No meu canto verde e calmo, deito quase de olhos fechados. Desfaço
das sapatilhas e apoio a cabeça em cima da bolsa. O rio corre calmo aos meus
pés, as aves cantam como se o céu fosse um palco grande e azul. O vento
bate levemente no meu rosto e sinto, bem perto, Deus brincando de ciranda com
uma criança. O vestido da menininha de chiquinhas, que ele segura pela
mão, voa num carrossel feito de tecido colorido. As balas e os laços estampados
se chocam docemente com o ar. Ela
ri alto, e Ele a gira cada vez mais rápido, fazendo com que tenha pequenos
vôos.
Arrepios brincam de se esconder nas costas da pequena garotinha e ela
gargalha alto. Não sabe dizer, mas gostaria de contar sobre a flor amarela, que
cresce no seu coração toda vez que Ele a olha. Aliás, se pudesse, falaria das
árvores de pitanga e das borboletas azuis e brancas que a vem visitar de vez em
quando. Se pudesse contaria, também, que O via toda vez que visitava a
cachoeira no interior do coração da sua tia ou quando comia o bolo de fubá, que
sua mãe tanto pedia para que não devorasse quente. Mas a única coisa que tentou
balbuciar ficou no ar, congelada pelo tempo, que de repente fechava...
Pra onde tinha ido a ciranda?
Por alguns momentos no ano de 2012 ela foi embora. Por alguns meses, que
pareceram guardar anos, fui vácuo, vazio, soluço. Chorei a vida que
escorreu para longe e segui aos trancos. Era geada no verão, inverno na
primavera. No caminho me faltou chão, mas amigos – aos quais anjos emprestaram
o coração – me foram pé, passos e ponte e pude continuar acreditando. Tropecei
mais algumas vezes ao longo do deserto e deixei, por várias delas, meu coração
desaguar. Nesses momentos percebi um barquinho de papel navegando corajoso e
solidário pelas águas turbulentas, era o dono dos olhos mais doces e castanhos
trazendo calma à minha falta. Quando pensei que enfim descansaria, meu medo me
impediu de encontrar Deus. E brigamos. Ou melhor, eu briguei por Ele deixar a minha pequenez
interferir em nossa relação e em troca Ele me fez maior.

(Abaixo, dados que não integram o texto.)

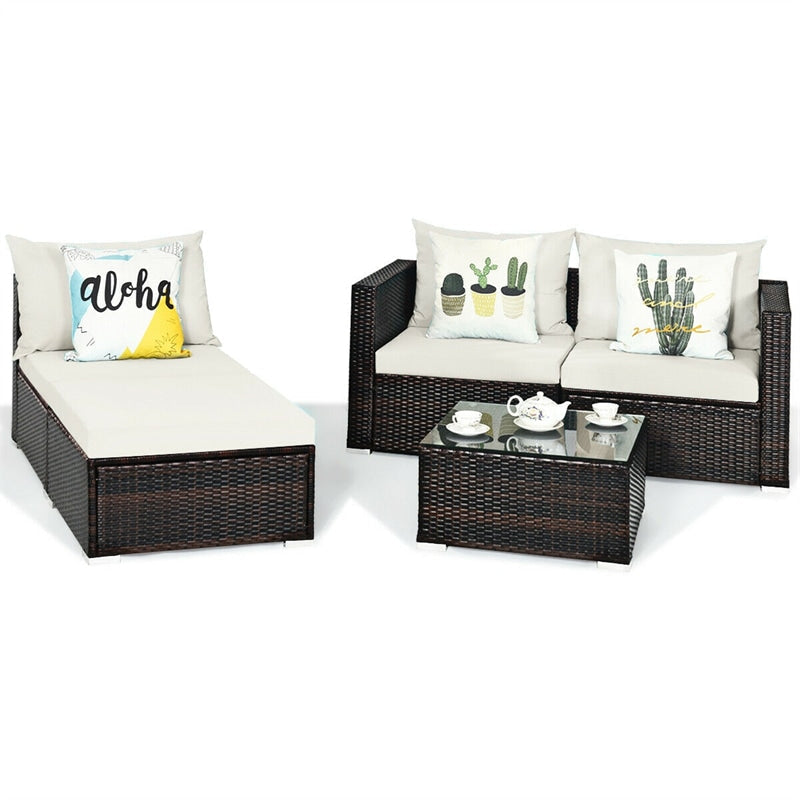 Canada Only - 5 Pcs Rattan Patio Sectional Furniture Set with Cushions & Coffee Table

Era a cura do amor em todas as suas formas.
Enfim a primavera chegou e o jardim floriu de novo. Abri as janelas,
convidei o sol a entrar e plantei o que consegui de bonito. Continuei, por mais
um ano, homenageando minha distração ao perder livros, bilhetes de ônibus,
blusas e guarda-chuvas. Desfrutei a possibilidade de mudar de ideia e logo
desmontei algumas que sustentei por anos. Sem culpa. Fiz as pazes com os exercícios
físicos e descobri que não eram tão chatos assim. Fui feliz. Descobri um novo
jeito de amar e ser amada e fui feliz mais ainda.
E hoje, há algumas horas deste ano novo, fecho os olhos e sinto o vento
bater levemente no meu rosto. Um rio corre calmo dentro de mim, enquanto as
aves cantam. A camiseta de malha chacoalha com a brisa do fim de tarde e
refresca as minhas costas. O sol se despede devagar. Sinto-me inteira, pronta e
disposta para encarar e aproveitar a vida, mais e de novo. Sei que
tudo pode mudar. A qualquer hora o tempo pode fechar, trazendo chuva e trovões ao meu castelo de areia. Tudo que construí pode
desmoronar em segundos. Eu sei. Mas ouço Deus brincar de ciranda com
uma criança, bem perto. Eles riem e Ele a segura pela mão.
Concluo minha jornada, pelo menos até aqui, tateando sem
mágoa e sem medo as ruínas do que fui e dançando no espaço de onde nasceu o que sou.
Obrigada à família, aos amigos e ao amor.